Installation Guide¶
This guide will walk you through the process of installing the latest official release of django-calaccess-processed-data so that you can incorporate CAL-ACCESS data into your own Django project.
If, instead, you want to install the raw source code or contribute as a developer please refer to the “How to contribute” tutorial.
Warning
This library is intended to be plugged into a project created with the Django web framework. Before you can begin, you’ll need to have one up and running. If you don’t know how, check out the official Django documentation.
Installing the Django apps¶
The latest version of the application can be installed from the Python Package Index using pip
.
$ pip install django-calaccess-processed-data
Like most Django applications, the app then needs to be added to the
INSTALLED_APPS
in your settings.py
configuration file. You also need to include other Django apps it depends on:
INSTALLED_APPS = (
# ... other apps up here ...
'calaccess_raw',
'calaccess_scraped',
'calaccess_processed',
'calaccess_processed_filings',
'calaccess_processed_elections',
'calaccess_processed_flatfiles',
'calaccess_processed_campaignfinance',
'opencivicdata.core.apps.BaseConfig',
'opencivicdata.elections.apps.BaseConfig',
)
A little more about these dependencies:
calaccess_raw
- This app downloads and extracts the raw data files exported each night from the CAL-ACCESS database. The app then loads these files into your Django project’s database with minimal transformations. For more details, see the django-calaccess-raw-data section.
calaccess_scraped
- This app scrapes the CAL-ACCESS website and loads additional data not included in the nightly exports. For more details, see the django-calaccess-scraped-data section.
opencivicdata.core
- This app includes Django models and admin panels for the core data types of the Open Civic Data specification, including
Person
,Organization
,Post
andMembership
. opencivicdata.elections
- This app includes Django models and admins panels for election-related data types that have been provisionally included in the Open Civic Data specification.

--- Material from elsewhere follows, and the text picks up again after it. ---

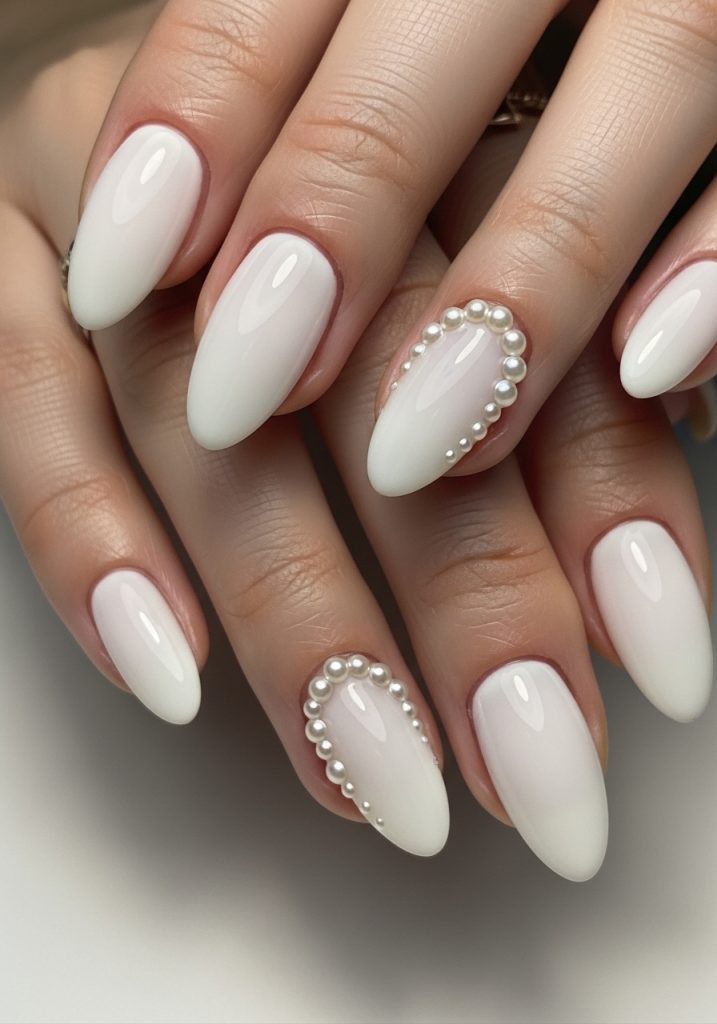 Milky white nails with small pearl studs near the cuticle on two accent fingers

Connecting to a local database¶
Also in the settings.py
file, you will need to configure Django so it can connect to your database.
Note
Unlike a typical Django project, this application only supports PostgreSQL database backends. This is because we enlist specialized tools to load the immense amount of source data more quickly than Django typically allows. We haven’t developed those routines for SQLite and the other Django backends yet, but we might someday.
Before you begin, make sure you have a PostgreSQL server installed. If you don’t, now is the time to hit Google and figure out how. The official PostgreSQL documentation is another good place to start.
Once that’s handled, add a database connection string like this to your settings.py
.
DATABASES = {
'default': {
'NAME': 'calaccess_processed',
'ENGINE': 'django.db.backends.postgresql_psycopg2',
'USER': 'your-username-here',
'PASSWORD': 'your-password-here',
'HOST': 'localhost',
'PORT': '5432'
}
}
Return to the command line. This will create a PostgreSQL database to store the data.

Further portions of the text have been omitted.